[TASK PROMPT]: Below are the records. Restate word for word every line from the one that contains "Templates de sites web Tous - Vétérinaire" through the final line, both included.

[RECORDS SUPPLIED]:
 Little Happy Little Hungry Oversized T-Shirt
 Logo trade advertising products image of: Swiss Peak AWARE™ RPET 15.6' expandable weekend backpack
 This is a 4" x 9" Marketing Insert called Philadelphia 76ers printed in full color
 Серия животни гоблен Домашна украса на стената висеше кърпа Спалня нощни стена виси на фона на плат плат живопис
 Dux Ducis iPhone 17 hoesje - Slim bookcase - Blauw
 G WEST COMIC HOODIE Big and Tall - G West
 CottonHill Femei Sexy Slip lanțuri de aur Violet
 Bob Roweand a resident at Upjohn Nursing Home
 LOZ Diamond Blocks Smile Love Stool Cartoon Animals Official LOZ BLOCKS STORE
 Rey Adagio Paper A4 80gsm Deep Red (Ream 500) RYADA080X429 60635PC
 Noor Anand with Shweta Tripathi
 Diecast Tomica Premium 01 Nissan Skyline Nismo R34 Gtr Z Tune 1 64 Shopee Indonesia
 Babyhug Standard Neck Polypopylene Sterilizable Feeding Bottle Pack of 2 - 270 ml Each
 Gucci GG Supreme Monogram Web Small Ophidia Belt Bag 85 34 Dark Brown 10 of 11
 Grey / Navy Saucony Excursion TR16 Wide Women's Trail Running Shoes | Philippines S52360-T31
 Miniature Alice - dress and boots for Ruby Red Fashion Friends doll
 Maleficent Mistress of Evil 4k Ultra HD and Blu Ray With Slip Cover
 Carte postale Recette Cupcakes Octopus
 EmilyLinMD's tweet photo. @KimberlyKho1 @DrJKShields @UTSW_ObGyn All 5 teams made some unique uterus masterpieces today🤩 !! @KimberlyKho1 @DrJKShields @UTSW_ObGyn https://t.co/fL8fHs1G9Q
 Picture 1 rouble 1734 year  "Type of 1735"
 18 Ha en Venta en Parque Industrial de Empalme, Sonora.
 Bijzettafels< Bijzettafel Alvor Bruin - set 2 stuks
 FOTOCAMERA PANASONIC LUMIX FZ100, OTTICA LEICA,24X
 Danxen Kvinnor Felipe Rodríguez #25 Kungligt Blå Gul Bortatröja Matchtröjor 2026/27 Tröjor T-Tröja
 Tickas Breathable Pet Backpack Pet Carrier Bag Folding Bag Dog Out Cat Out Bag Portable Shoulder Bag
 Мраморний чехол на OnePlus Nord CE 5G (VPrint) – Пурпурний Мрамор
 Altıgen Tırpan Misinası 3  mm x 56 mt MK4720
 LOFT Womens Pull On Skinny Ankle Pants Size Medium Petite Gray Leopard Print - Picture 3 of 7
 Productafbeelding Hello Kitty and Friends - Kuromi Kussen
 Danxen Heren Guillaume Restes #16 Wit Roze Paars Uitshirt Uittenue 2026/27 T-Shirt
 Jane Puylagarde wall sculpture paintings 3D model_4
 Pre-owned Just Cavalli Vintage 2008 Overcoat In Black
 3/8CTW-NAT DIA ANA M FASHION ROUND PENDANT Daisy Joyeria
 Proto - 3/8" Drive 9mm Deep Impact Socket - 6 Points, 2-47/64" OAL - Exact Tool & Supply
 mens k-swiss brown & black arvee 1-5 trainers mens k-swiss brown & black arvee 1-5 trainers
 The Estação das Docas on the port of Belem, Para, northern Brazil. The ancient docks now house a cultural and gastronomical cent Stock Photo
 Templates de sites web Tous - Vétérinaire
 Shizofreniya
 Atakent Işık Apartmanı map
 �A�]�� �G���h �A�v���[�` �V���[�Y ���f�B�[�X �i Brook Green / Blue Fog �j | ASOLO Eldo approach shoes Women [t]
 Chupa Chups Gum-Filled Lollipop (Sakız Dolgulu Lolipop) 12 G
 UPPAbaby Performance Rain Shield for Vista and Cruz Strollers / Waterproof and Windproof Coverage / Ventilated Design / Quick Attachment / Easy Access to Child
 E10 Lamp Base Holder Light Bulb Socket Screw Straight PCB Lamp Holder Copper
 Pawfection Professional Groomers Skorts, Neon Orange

[SOLUTION]:
 Templates de sites web Tous - Vétérinaire
 Shizofreniya
 Atakent Işık Apartmanı map
 �A�]�� �G���h �A�v���[�` �V���[�Y ���f�B�[�X �i Brook Green / Blue Fog �j | ASOLO Eldo approach shoes Women [t]
 Chupa Chups Gum-Filled Lollipop (Sakız Dolgulu Lolipop) 12 G
 UPPAbaby Performance Rain Shield for Vista and Cruz Strollers / Waterproof and Windproof Coverage / Ventilated Design / Quick Attachment / Easy Access to Child
 E10 Lamp Base Holder Light Bulb Socket Screw Straight PCB Lamp Holder Copper
 Pawfection Professional Groomers Skorts, Neon Orange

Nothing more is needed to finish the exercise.